A ocasião mais recente foi na quarta, quando eu saía do apartamento onde estava editando o documentário “Eu só quero é ser feliz – Uma breve história do Funk Carioca”, que vamos lançar na próximo semana. Saí do portão do prédio onde estava, com meu celular na mão, à espera do motorista do Uber. Em poucos segundos, dois caras em uma moto pararam na minha frente. O carona, com a arma no colo, disse: “Me dá o celular, senão, tu morre!”. Dei o celular, e ele continuou: “Aliança e cordão!”. Mostrei que não tinha nada. O da frente já disse: “Dá logo um tiro na cara dele!” – passou um filme na minha cabeça, com as tantas matérias que vemos na mídia sobre assaltantes desesperados ou mesmo muito frios que disparam contra a vítima. O de trás disse: “A carteira!”. Dei na hora, mais uma vez, sem hesitar.
Novamente, vivenciei a velha sensação de impotência. Fiquei pensando no quanto já visitei presídios, nos quantos marginais que já conheci e no quanto fiz para resgatá-los. Confesso que fiquei com muita raiva, mas também aliviado, porque, como dizem, “Vão-se os anéis, ficam os dedos”. No calor da hora, a vontade era fazer alguma coisa.
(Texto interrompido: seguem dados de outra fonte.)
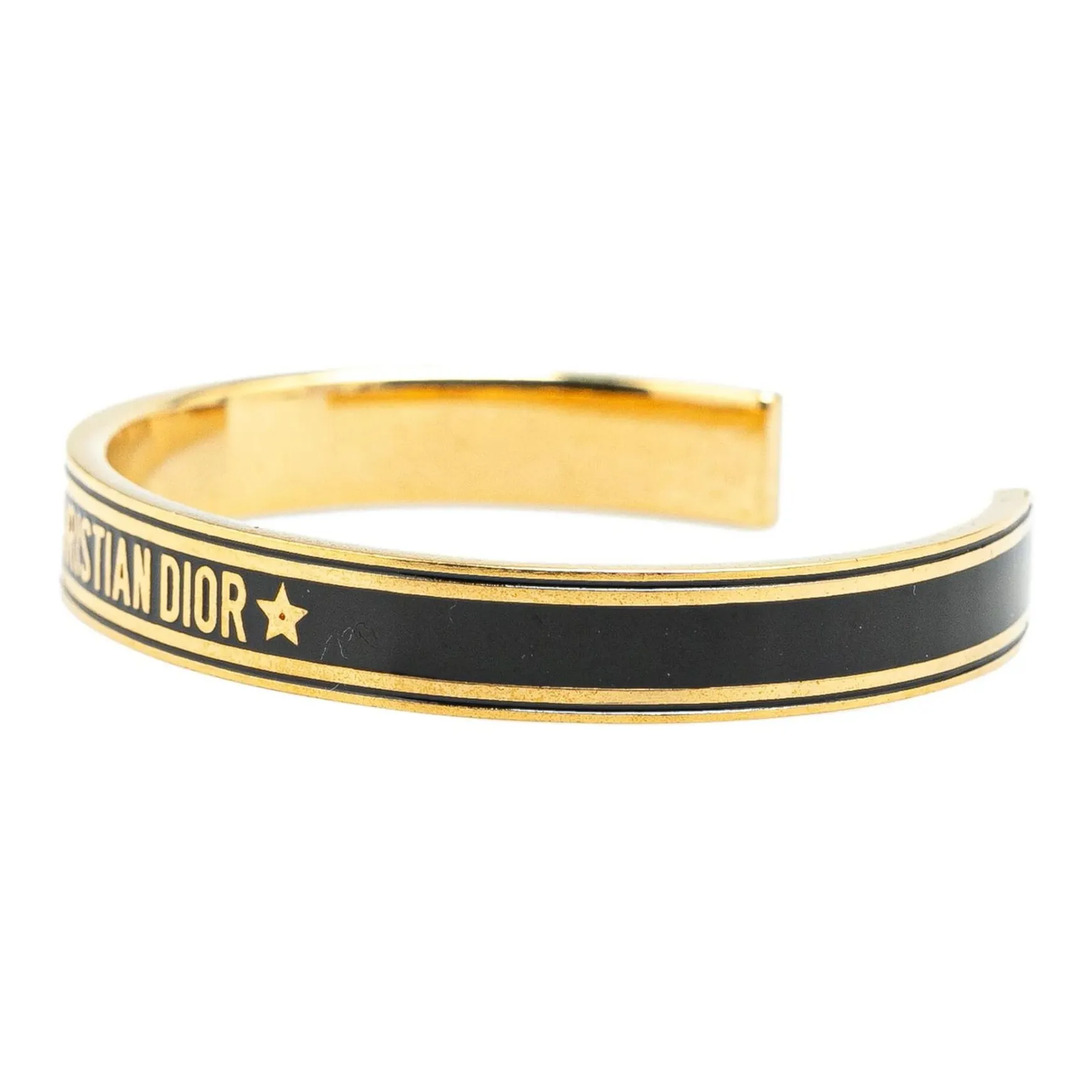 Christian DIOR Pre Owned 2000 2024 Enamel Code Cuff Bracelet Costume Bracelet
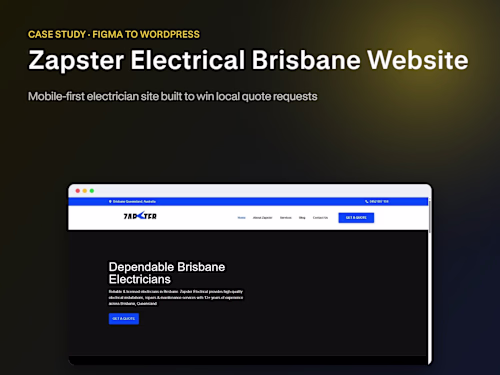 Zapster Electrical – Brisbane Electrician Website
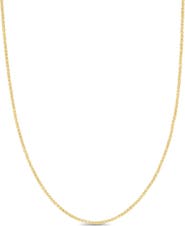 Bony Levy 14K Gold Wheat Chain Necklace, 4mm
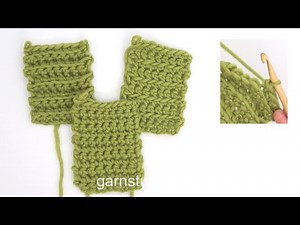 How to crochet in both or in a single loop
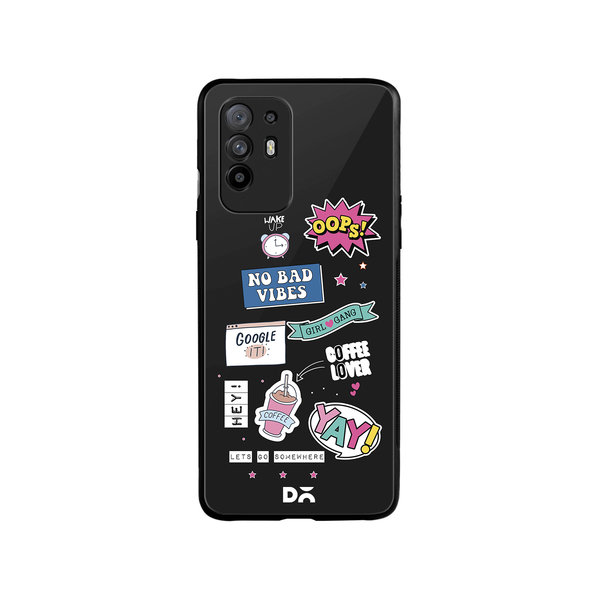 

DailyObjects Attitude Glass Case Cover For Oppo F19 Pro Plus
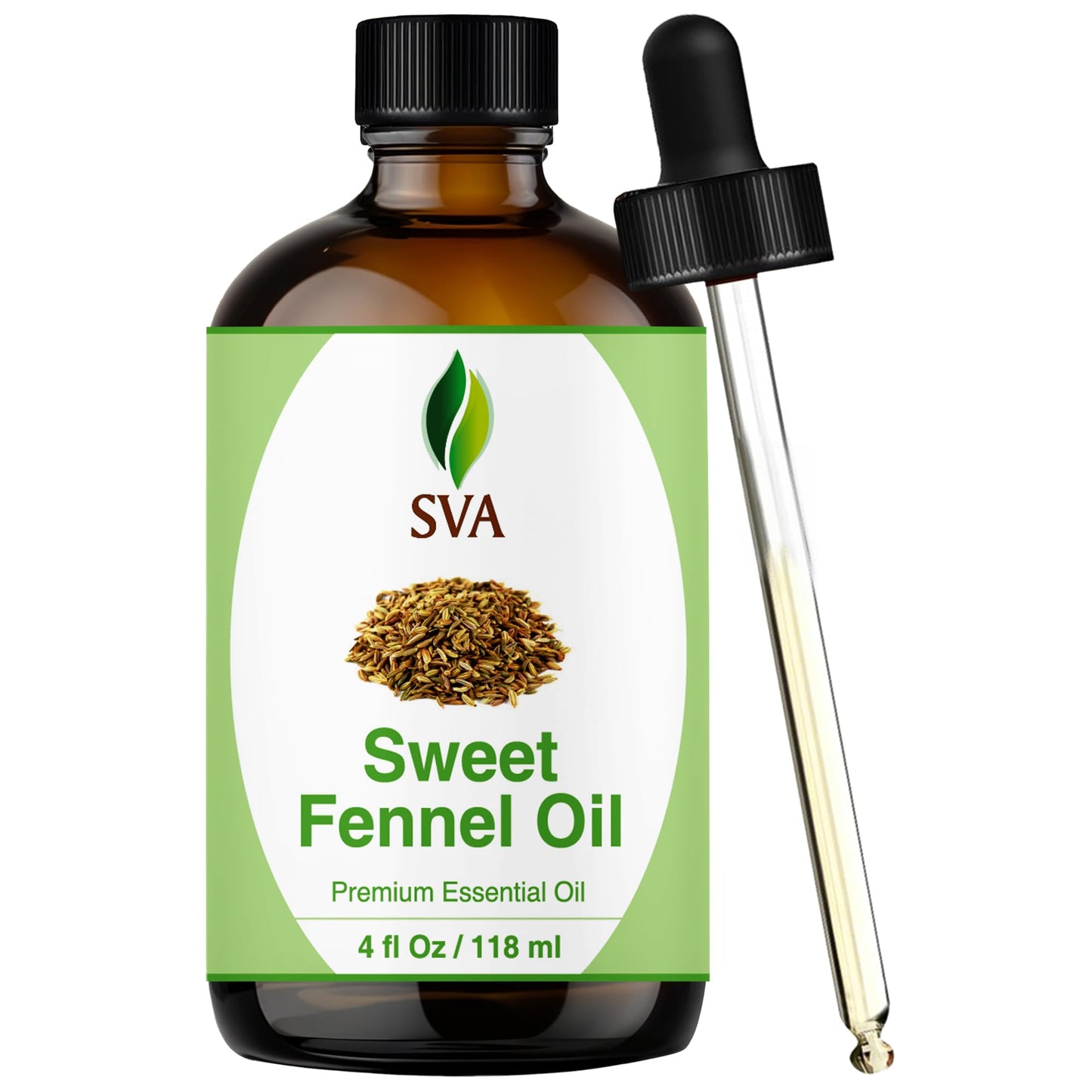 SVA Sweet Fennel Essential Oil 4oz - 100% Natural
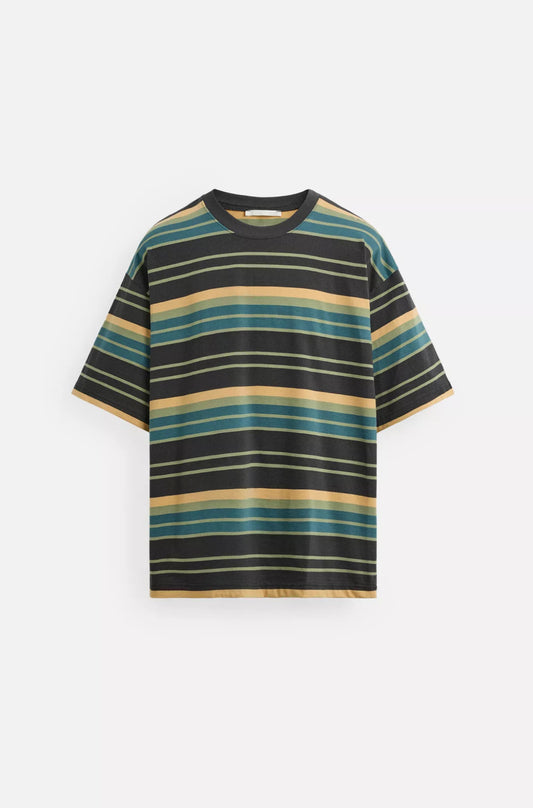 STRIPED JACQUARD T-SHIRT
Ouvi até de alguém: “Esses assaltantes têm que morrer!”. Mas… Olho por olho e o mundo acabará cego.
É impossível não pensar na situação da criminalidade no Rio. Do meu ponto de vista, tudo só tende a piorar com a recessão e o desemprego que vivemos. A solução? Investimento em educação e distribuição de renda em nosso país. Não muda agora, mas essa é a saída. Enquanto houver poucos com muito e a maioria com quase nada, esse e outros muitos casos de violência vão seguir acontecendo.
O que resta é estar atento e forte nas ruas da Cidade Maravilhosa.